I stumbeled across the article below in the most recent issue of the Backcountry Hunters and Anglers journal. The entire journal is online in PDF format, but I've reproduced the article here to encourage more folks to read it. The author, Mark Clifford, was born and raised in northern California and completed a Ph.D. in Comparative Pathology at the University of California, Davis. His passions include hunting, fishing and habitat conservation.

Off-Highway Vehicle Abuse Can Ruin the Hunt

By Mark Clifford, California

This past archery season I found that my childhood hunting area had been spoiled by thoughtless riders on off-highway vehicles. My brother and I have hiked and hunted this steep and rugged terrain on and off for the past 20 years, always enjoying the solitude and challenge. In just one afternoon the individual on the off-highway vehicle had impacted the habitat more than our 20 years of hiking and hunting.

The "hill" as we called it, is located along the edge of the Shasta Valley. The foothills are covered with acorn-rich oak trees, dense manzanita and buck brush, and as you climb higher these species give way to dense stands of pine, fir, and cedar. On different occasions we've seen owls, bobcats, black bears, turkeys, squirrels, foxes, skunks, quail, rabbits, badgers, snakes, vultures, coyotes, plenty of blacktail deer and have also found fresh mountain lion kills. We've put some nice bucks in the freezer...but you've got to hunt hard.

Going up there this past August, I found that someone on an off-highway motorcycle had mangled the trails and cut trees and bushes just to get to the summit—a place where we've been going on foot since we were children. This is the same story that you'll hear all across the West. Off-highway vehicle abuse is directly impacting land and water habitat, compromising our fishing and hunting opportunities. I'm not suggesting that people shouldn't be allowed to have their fun off-road, but no one has the right to damage our publicly owned National Forests. In a perfect world we could trust individuals to use common sense and good ethics, but it seems like these days even sportsmen are running rough shod over game habitat. Why would we desecrate the very habitat on which our game species rely?

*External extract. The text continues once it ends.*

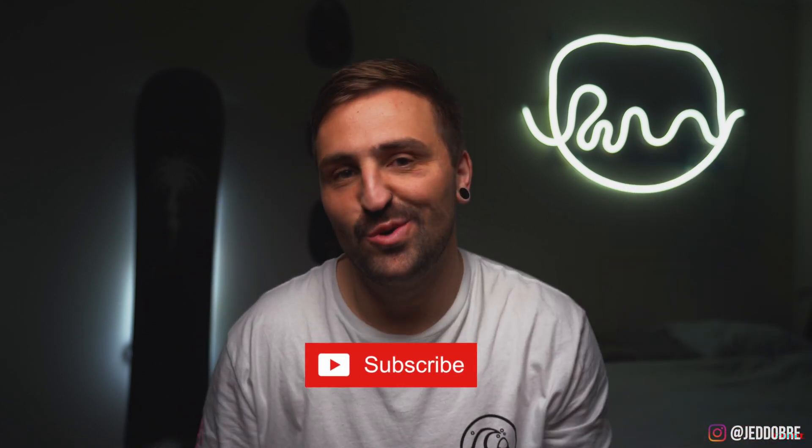If you guys are new here, it's all just camera content, whether it be photo, video or editing. So if you like that stuff, do give it a big old fat thumbs up and be sure to subscribe.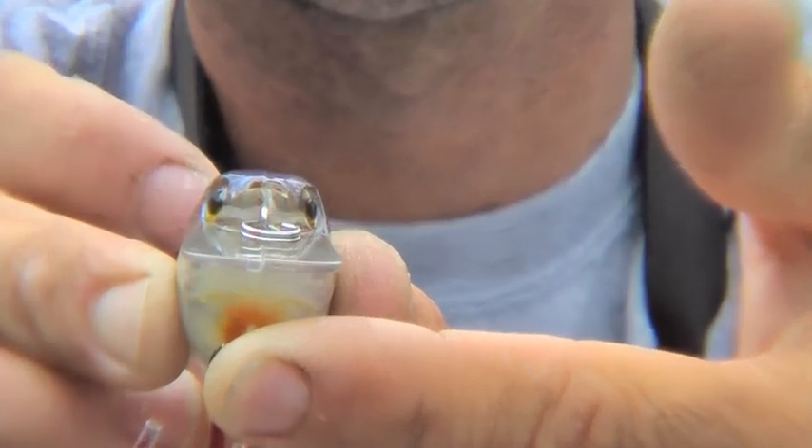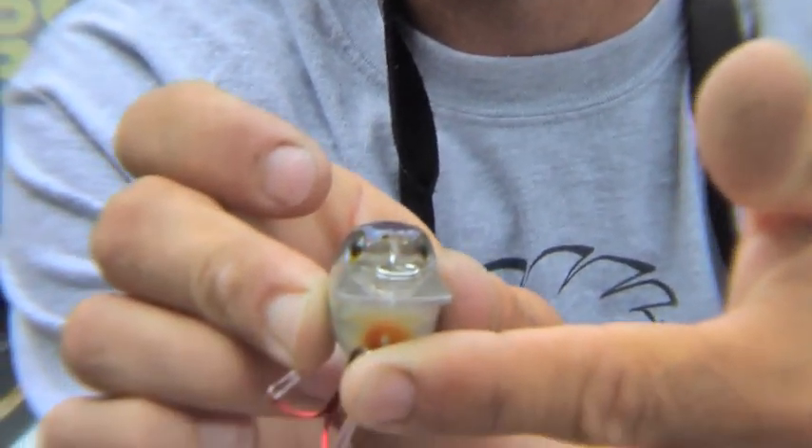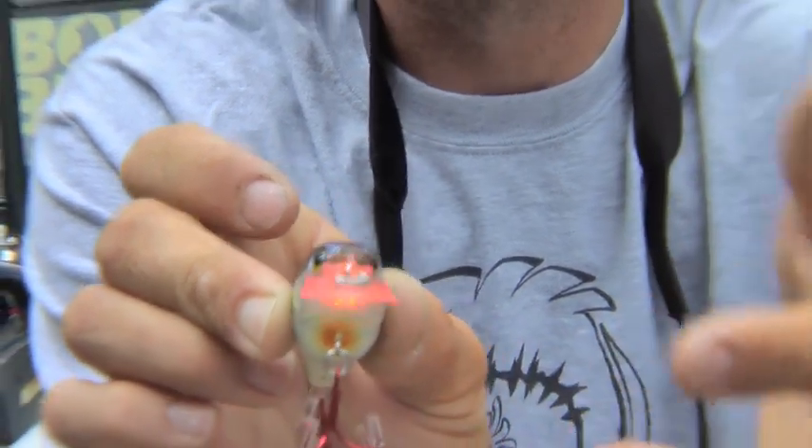We're adding this laser light. Anytime that bait gets wet, this laser light is going to come on. And what that laser light is going to do is it's another triggering aid to make those fish strike. So here comes this crankbait through the water column — it's got roll and it's got wobble, and that fish is looking at it.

As published by Trout Unlimited (Public Lands Initiative) the roadless backcountry is where Idaho's biggest mule deer bucks and bull elk are found, and of the remaining 7% of Idaho's healthy native bull trout populations, 87% of these are in roadless areas. Like many states in the West, even the populous State of California is blessed with large tracts of public lands available for public use and for the protection of animal habitat.

For some time it appeared that hunters and anglers were stuck in the middle between groups that want to destroy habitat, and groups that want to ban hunting and erase the Second Amendment. Conservation-minded sportsmen had little representation, despite the large number of Americans who do consider themselves sportsmen and women (34 million Americans went fishing or hunting in 2006).

Thankfully today there are groups working for solutions like BHA and Trout Unlimited As stated by Theodore Roosevelt, "I recognize the rights and duty of this generation to develop and use the natural resources of our land; but I do not recognize a right to waste them or to rob, by wasteful use, the generations that come after us".